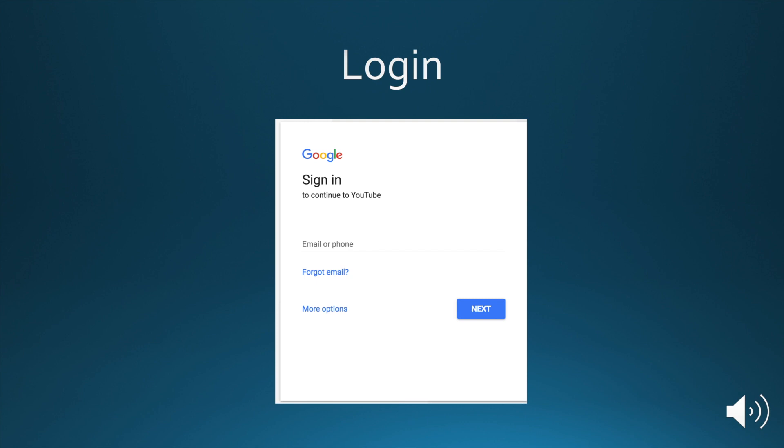That will lead you to the Login page. If you already have a Google account, you can log in here.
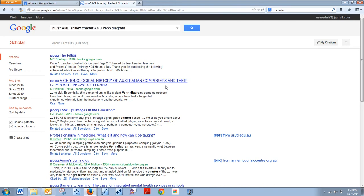You'll get a lot more information on Google Scholar when you actually start taking systematic review classes, but I wanted to show you how to go ahead and get it set up so that you can export into RefWorks from here.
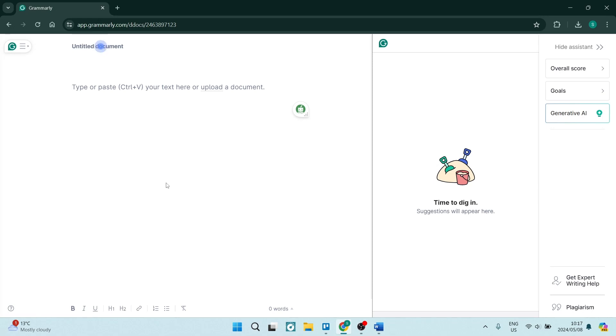Ladies and gentlemen, I'm going to show you how to add Grammarly to Microsoft Word, so stick around.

**Exercise**
Quote exactly the lines from the one that contains "You'll get a" through the end of the listing above, both ends included, leaving out the pictures.

**Response area**
You'll get a lot more information on Google Scholar when you actually start taking systematic review classes, but I wanted to show you how to go ahead and get it set up so that you can export into RefWorks from here.
Ladies and gentlemen, I'm going to show you how to add Grammarly to Microsoft Word, so stick around.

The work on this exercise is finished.